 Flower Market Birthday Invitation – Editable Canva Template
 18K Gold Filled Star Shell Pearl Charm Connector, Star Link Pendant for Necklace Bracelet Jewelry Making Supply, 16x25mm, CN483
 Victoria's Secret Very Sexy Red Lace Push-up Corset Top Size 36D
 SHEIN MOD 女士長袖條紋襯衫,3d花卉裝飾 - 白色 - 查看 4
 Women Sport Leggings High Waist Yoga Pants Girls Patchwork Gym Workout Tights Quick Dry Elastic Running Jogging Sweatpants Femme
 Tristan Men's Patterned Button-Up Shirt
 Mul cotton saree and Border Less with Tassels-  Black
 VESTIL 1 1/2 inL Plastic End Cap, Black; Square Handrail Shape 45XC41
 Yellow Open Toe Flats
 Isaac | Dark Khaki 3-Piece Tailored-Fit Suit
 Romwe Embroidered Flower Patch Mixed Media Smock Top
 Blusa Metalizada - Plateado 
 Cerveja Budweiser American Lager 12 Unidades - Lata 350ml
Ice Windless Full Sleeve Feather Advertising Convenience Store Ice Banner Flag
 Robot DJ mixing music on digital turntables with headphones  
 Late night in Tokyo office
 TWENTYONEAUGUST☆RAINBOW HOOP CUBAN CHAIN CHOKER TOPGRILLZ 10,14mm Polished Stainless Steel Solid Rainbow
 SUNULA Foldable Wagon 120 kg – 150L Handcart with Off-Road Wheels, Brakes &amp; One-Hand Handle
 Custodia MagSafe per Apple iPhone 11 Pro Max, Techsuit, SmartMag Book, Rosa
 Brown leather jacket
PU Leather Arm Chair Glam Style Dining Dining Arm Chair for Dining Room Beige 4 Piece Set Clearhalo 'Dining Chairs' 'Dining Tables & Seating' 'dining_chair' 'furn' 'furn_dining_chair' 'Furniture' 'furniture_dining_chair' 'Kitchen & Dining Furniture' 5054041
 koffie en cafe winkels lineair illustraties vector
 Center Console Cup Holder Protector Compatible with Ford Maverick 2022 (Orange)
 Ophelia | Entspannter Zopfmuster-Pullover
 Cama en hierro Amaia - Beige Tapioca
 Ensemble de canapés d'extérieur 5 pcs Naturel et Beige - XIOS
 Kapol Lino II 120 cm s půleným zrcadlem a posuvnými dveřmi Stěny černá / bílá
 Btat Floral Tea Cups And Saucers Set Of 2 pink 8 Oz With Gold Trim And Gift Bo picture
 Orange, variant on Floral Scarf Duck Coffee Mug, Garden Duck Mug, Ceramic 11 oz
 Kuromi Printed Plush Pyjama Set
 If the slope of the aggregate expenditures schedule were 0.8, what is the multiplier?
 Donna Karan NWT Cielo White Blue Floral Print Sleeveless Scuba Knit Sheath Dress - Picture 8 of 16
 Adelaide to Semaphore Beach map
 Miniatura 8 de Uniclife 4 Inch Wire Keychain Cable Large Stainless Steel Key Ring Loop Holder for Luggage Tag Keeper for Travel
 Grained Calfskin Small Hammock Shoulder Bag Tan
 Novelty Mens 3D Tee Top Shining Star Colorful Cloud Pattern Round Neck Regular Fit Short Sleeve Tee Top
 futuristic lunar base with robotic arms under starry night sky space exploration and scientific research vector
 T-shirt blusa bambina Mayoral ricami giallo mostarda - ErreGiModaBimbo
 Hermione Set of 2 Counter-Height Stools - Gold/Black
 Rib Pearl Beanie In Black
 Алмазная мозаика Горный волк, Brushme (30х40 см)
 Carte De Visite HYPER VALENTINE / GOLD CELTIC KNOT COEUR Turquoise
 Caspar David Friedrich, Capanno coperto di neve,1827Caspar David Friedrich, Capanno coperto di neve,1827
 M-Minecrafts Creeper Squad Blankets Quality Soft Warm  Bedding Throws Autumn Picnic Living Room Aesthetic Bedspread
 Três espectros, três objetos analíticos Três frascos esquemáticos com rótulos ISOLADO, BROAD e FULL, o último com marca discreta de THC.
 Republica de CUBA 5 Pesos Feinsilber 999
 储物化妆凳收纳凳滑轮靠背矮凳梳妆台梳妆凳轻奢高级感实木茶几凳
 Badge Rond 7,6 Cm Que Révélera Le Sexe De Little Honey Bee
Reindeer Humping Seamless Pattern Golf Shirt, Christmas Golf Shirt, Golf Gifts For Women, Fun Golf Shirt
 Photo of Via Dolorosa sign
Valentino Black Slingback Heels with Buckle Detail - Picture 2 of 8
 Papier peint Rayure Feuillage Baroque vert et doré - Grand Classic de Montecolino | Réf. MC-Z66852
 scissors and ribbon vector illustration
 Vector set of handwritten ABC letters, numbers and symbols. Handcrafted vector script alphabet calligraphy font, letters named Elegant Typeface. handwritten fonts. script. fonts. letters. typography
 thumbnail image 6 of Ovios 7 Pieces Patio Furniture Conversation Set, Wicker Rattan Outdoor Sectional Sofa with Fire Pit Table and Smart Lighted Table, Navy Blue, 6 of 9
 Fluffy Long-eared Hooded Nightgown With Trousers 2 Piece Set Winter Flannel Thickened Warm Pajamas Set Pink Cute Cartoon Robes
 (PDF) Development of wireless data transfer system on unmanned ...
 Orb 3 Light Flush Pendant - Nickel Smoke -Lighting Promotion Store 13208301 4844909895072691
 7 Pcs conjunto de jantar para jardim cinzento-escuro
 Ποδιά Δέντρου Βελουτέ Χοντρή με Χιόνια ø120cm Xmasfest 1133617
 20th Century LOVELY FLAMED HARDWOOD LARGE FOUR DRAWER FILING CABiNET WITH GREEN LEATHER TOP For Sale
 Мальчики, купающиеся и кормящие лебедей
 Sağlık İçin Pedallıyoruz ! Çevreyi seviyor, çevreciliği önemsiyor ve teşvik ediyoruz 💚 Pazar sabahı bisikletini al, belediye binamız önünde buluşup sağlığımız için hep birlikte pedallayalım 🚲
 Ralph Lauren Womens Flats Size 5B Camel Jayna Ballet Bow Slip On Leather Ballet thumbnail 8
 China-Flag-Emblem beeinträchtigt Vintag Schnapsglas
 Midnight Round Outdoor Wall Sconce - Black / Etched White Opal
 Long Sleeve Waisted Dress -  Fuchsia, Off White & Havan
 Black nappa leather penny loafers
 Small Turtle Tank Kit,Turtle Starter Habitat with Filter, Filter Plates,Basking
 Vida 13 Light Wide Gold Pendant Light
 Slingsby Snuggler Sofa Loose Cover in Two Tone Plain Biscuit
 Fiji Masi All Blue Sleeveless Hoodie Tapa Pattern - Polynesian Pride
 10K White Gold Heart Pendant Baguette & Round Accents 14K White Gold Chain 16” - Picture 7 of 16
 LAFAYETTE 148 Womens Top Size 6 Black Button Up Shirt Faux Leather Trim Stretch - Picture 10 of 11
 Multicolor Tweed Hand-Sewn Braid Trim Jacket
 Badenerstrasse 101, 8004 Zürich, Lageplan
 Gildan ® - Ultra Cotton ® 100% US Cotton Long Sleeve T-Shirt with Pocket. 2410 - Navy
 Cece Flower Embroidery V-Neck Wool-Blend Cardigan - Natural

# # # # # # #

The required output is the exact run of lines from the beginning of the records to the line with "Mul cotton saree", that line included.

Task answer:
 Flower Market Birthday Invitation – Editable Canva Template
 18K Gold Filled Star Shell Pearl Charm Connector, Star Link Pendant for Necklace Bracelet Jewelry Making Supply, 16x25mm, CN483
 Victoria's Secret Very Sexy Red Lace Push-up Corset Top Size 36D
 SHEIN MOD 女士長袖條紋襯衫,3d花卉裝飾 - 白色 - 查看 4
 Women Sport Leggings High Waist Yoga Pants Girls Patchwork Gym Workout Tights Quick Dry Elastic Running Jogging Sweatpants Femme
 Tristan Men's Patterned Button-Up Shirt
 Mul cotton saree and Border Less with Tassels-  Black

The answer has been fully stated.